In 2019, the P.E.I. chapter of the National Farmers Union raised concerns that the spirit of the province's 1980s Lands Protection Act was not being respected as three farm corporations,—Galloway Farms Ltd., Long River Farms Ltd. and Indian River Farms Ltd.—all naming Mary Jean Irving, the daughter of KC Irving, and/or one or both of her two daughters, Rebecca and Elizabeth Irving, as shareholders and directors—submitted 32 applications to the Island Regulatory and Appeals Commission to "purchase parcels of land totalling 2,221 acres in the Summerside area currently owned by Brendel Farms Ltd." The Lands Protection Act "set limits on land ownership of 1,000 acres for individuals, and 3,000 acres for corporations." In response to the concerns, Mary Jean Irving said that she has been on the "Island and growing potatoes for 29 years" and her two daughters are also interested in farming. Irving said that "neither J. D. Irving group of companies, nor its subsidiary Cavendish Farms, were involved with the proposed land purchases".

===Indian River Farms===
Indian River Farms, which is also owned Irving group of companies, is managed by Elizabeth Irving, who is a fifth generation family member. Indian River Farms was established in 1992 and has a staff of about 20 to 49. Its main production is Irish potatoes. In the late 2010s, during a period of long stretches of dry weather" on the Island, potato growers in the area around Spring Valley, Prince Edward Island began to construct large holding ponds of water "seeking to improve potato yields". By 2019, Indian River Farms had seven large holding ponds near Spring Valley and were building more. Electric pumps housed in sheds feed ground water into the large ponds, some of which are constructed on "raised berms, above ground level". All are supplied with groundwater from "multiple low-capacity wells nearby" using electric pumps, housed in sheds. In a July 4, 2019 article in The Guardian, concerns were raised by some Islanders about the way in which large holding ponds in "the back country, away from people" were circumventing the spirit of the ban on new high-capacity agricultural wells on P.E.I. A concerned group of Islanders toured an irrigation pond in Spring Valley.
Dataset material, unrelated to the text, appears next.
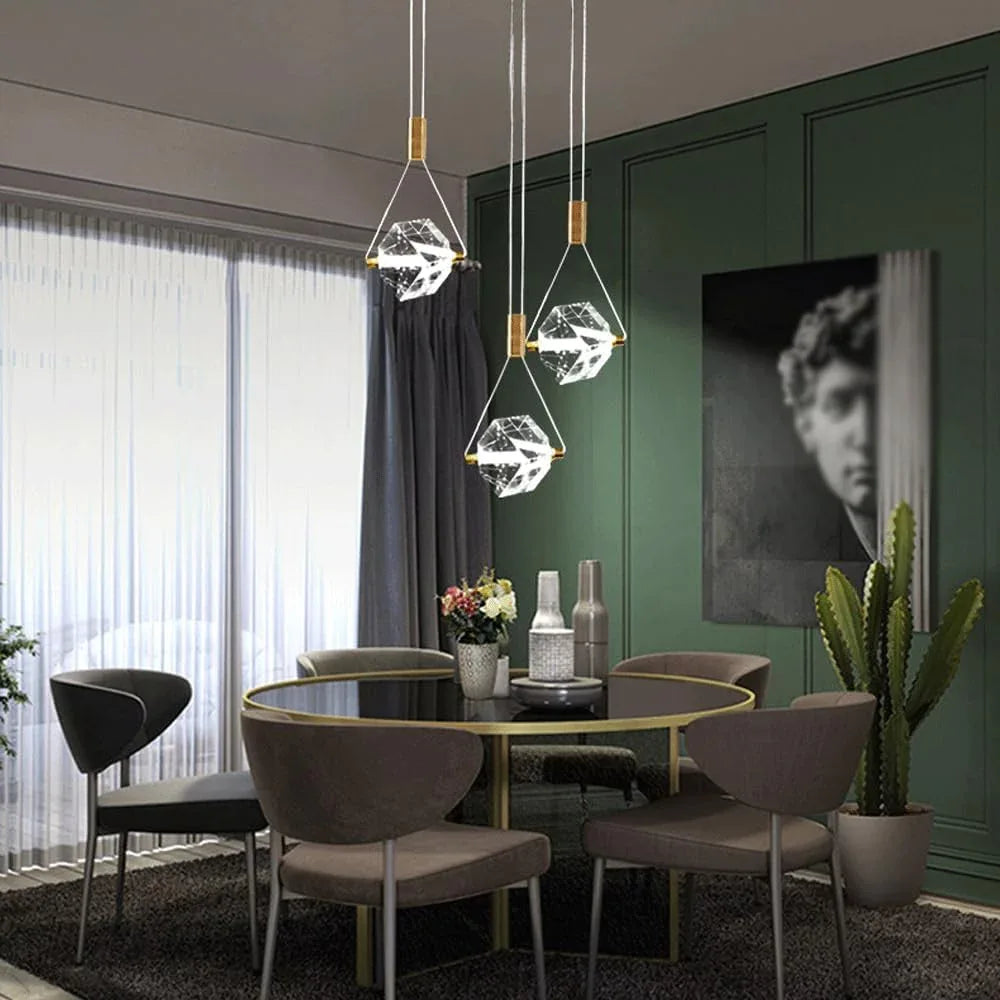 Audara-Small Crystal Pendant Light With Metallic Copper Accents, A Bedroom Bedside Decorative Lamp That Cleverly Blends Minimalist And Bohemian Styles. Suitable For Dining Rooms, Living Rooms, Entrywa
Elizabeth Irving, who is a fifth generation family member of the 135-family Irving group and the manager of Indian River Farms said that a study undertaken by a hydrologist contracted by Indian River Farm, suggested that farming only uses "less than one percent of the annual recharge from surface runoff and precipitation".

==Locations==

The company's head office is Dieppe, New Brunswick with sales offices in Toronto, Montreal, and Boston. Cavendish Farms has potato processing plants in New Annan, Prince Edward Island, Lethbridge, Alberta, and Jamestown, North Dakota, and an appetizer plant in Wheatley, Ontario.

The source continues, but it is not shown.